Business is filled with terms thrown around as if everybody understands their meaning. Due diligence is one of those terms that you may understand on the surface but don’t know how to put it into practice. Let’s learn about due diligence and how to use it in a real world setting.
What does due diligence mean?
The dictionary definition says that due diligence is, “the care that a reasonable person exercises to avoid harm to other persons or their property.” In plain English, it is simply doing your homework. Before putting your business funds to work on anything, you should make yourself an expert. Often, due diligence is used to describe the investigation done before purchasing another company so let’s start there.

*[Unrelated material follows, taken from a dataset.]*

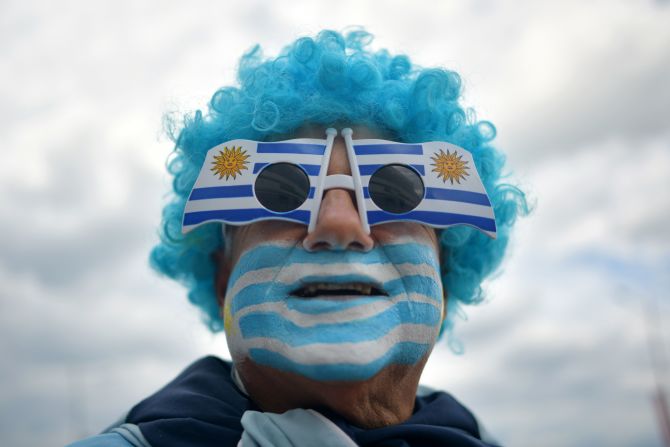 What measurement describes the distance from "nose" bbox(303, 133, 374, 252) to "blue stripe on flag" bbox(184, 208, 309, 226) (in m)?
0.08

How do I perform due diligence?
Let’s assume that you are planning to buy out one of your competitors who is retiring. The business is attractive to you because it’s perfectly positioned in an area of town that is tough for your business to reach. Before you purchase the business, you (often with the help of professionals) will perform due diligence.

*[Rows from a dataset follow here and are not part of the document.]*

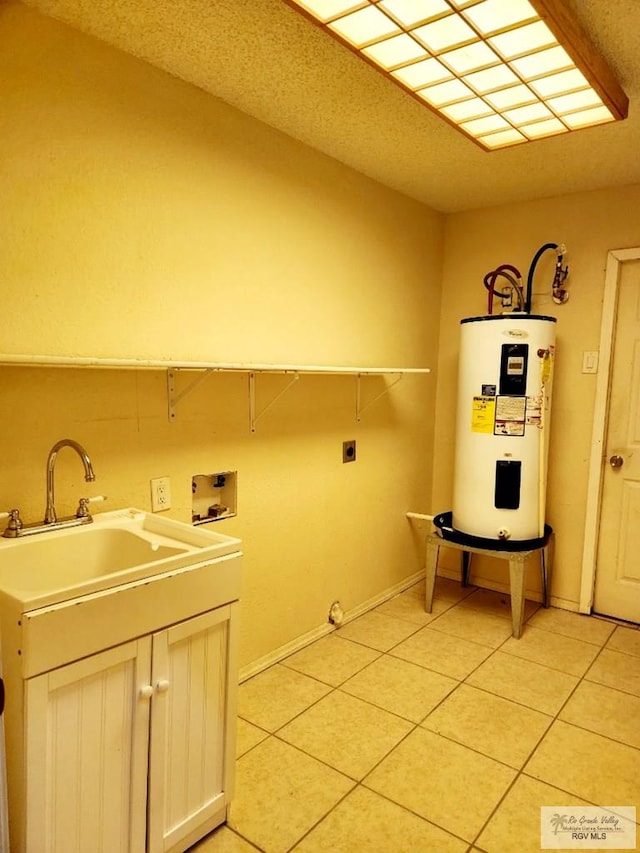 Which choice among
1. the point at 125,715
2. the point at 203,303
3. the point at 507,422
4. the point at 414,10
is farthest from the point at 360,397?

- Does the business have healthy cash flow?
- By looking at the books, can you tell where the revenue stream is coming from?

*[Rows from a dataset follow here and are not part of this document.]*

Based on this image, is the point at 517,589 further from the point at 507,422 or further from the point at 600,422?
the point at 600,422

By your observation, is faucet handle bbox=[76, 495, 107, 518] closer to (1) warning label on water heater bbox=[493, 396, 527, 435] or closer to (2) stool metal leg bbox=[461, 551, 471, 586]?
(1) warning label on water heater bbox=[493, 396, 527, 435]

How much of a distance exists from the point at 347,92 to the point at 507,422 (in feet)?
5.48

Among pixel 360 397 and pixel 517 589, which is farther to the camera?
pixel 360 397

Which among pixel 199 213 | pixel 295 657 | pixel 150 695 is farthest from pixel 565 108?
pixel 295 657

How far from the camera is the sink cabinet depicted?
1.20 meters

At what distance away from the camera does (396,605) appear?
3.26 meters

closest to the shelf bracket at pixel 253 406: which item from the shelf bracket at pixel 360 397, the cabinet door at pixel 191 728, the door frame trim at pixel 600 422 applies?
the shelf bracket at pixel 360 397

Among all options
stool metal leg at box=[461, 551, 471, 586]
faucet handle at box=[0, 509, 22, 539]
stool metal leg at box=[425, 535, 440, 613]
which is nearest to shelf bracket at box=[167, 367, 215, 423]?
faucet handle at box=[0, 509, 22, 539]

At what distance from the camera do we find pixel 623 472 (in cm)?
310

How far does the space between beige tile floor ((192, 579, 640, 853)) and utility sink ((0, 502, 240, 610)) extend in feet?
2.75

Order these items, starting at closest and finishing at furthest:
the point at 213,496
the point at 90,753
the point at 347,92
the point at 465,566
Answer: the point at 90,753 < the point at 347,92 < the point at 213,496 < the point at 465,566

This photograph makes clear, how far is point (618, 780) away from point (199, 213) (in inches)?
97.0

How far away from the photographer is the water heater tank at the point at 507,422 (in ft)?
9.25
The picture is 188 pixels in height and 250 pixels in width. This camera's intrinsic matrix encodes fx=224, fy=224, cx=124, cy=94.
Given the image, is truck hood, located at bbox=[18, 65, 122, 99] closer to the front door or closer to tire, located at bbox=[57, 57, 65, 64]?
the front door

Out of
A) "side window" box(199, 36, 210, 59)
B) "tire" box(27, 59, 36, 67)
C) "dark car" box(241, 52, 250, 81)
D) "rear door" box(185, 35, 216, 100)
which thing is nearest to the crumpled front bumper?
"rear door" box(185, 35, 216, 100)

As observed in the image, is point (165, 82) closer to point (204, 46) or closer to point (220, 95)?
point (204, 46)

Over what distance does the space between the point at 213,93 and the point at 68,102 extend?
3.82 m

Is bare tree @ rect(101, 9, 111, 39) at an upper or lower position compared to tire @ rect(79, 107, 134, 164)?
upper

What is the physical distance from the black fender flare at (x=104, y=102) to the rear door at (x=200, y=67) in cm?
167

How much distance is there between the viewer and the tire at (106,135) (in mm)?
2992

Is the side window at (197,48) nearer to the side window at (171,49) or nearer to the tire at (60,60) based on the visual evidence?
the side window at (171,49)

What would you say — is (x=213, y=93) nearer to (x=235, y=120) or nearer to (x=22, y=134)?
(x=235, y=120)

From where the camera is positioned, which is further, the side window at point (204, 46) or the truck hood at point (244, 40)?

- If the company has physical assets, are they valued correctly and fairly?
- Are there any hidden liabilities?
- How reliable are its financial projections and what multiple is it placing on those earnings?
- Are the company documents complete? (Articles of incorporation, board meeting minutes, tax registration, etc.)
- Is the business up to date on its taxes?
- Does it lease property? If so, when does the lease end?
- What insurance information is provided and what is covered?
- Are there complete employee files including salary and benefits? (For a comprehensive list of employee due diligence, read this list.)
Of course, this is a very short list of the due diligence that would take place before purchasing another business but maybe you are not in the market to purchase a business. Maybe you’re planning to purchase a new building, add a new vendor or product line. There are plenty of decisions you are likely to make where proper due diligence is key.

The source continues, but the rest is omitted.